「エンディングノート」という言葉を耳にするけれど、「自分にはまだ早い」「何だか難しそう」と感じていませんか?
この記事では、エンディングノートをいつから書くべきか、そもそもエンディングノートとは何か、そしてその目的や遺言書との違いについてわかりやすく解説していきます。本記事を読み進めることで、エンディングノートへの理解が深まるはずです。
あなたとあなたの大切な家族のために、エンディングノートについて一緒に学んでいきましょう。
そもそもエンディングノートとは?
ここでは、まずエンディングノートの基本と作成する目的、さらに混同されがちな遺言書との違いについてわかりやすく説明していきます。
ひとつずつ確認し、エンディングノートへの理解を深めていきましょう。
エンディングノートとは自分の想いや情報を記すノート
エンディングノートとは、ご自身の人生の終末期や万が一意思表示ができなくなった場合に備えて、大切な情報や想いを書き留めておくノートのことです。
市販されている専用ノートを使ったり、普通のノートやパソコンで自作したりする方もいます。形式に決まりはなく、自由に始められるのが特徴です。

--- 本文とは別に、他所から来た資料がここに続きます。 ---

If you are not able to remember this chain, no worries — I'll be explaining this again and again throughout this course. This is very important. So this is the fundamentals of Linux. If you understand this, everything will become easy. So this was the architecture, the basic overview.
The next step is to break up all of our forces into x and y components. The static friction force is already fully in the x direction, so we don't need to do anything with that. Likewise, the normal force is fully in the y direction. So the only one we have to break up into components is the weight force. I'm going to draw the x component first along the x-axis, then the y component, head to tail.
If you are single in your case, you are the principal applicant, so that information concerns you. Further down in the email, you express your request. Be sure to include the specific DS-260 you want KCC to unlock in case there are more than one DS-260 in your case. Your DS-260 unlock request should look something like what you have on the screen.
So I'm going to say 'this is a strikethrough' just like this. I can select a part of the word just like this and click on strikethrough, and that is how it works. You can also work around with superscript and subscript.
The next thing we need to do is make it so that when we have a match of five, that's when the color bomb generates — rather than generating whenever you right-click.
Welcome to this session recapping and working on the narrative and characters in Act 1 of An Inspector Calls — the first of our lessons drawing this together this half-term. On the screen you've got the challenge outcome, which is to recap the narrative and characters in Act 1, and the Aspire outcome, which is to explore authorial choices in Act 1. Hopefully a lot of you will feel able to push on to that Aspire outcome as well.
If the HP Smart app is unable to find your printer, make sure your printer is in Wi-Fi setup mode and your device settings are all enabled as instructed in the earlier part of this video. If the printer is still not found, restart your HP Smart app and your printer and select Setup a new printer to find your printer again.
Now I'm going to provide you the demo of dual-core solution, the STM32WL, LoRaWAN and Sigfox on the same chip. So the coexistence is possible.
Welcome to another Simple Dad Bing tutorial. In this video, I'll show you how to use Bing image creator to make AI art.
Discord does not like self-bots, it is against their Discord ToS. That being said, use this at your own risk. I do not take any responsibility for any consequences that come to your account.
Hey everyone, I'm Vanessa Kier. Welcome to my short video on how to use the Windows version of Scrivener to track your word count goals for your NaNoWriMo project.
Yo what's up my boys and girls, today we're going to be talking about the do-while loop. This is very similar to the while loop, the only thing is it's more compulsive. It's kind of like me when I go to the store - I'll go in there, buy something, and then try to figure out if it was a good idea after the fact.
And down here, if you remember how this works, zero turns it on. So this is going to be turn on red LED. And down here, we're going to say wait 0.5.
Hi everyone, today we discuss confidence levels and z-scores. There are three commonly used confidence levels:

自身の基本情報から健康状態、財産の状況、さらには医療や介護に関する希望、そして家族や友人への感謝のメッセージまで、幅広い内容を記します。
エンディングノートを書く目的
エンディングノートを作成する目的は、大きく分けて次の2つです。
- 家族のため
ご自身に何かあった際に、残された家族がさまざまな手続きや判断で困らないよう、必要な情報を正確に伝えます。
- 自分のため
財産の状況や人間関係などをノートに整理します。これまでの人生を振り返り、自己理解を深めるきっかけになるはずです。
残りの人生をより前向きに、豊かに生きるための指針づくりに役立つだけでなく、家族への感謝を伝えるコミュニケーションツールとしても活用できます。
エンディングノートと遺言書の違い
エンディングノートと遺言書はどちらも終末期に備えるもの。しかし、その性質は大きく異なります。最も大きな違いといえるのが「法的効力の有無」です。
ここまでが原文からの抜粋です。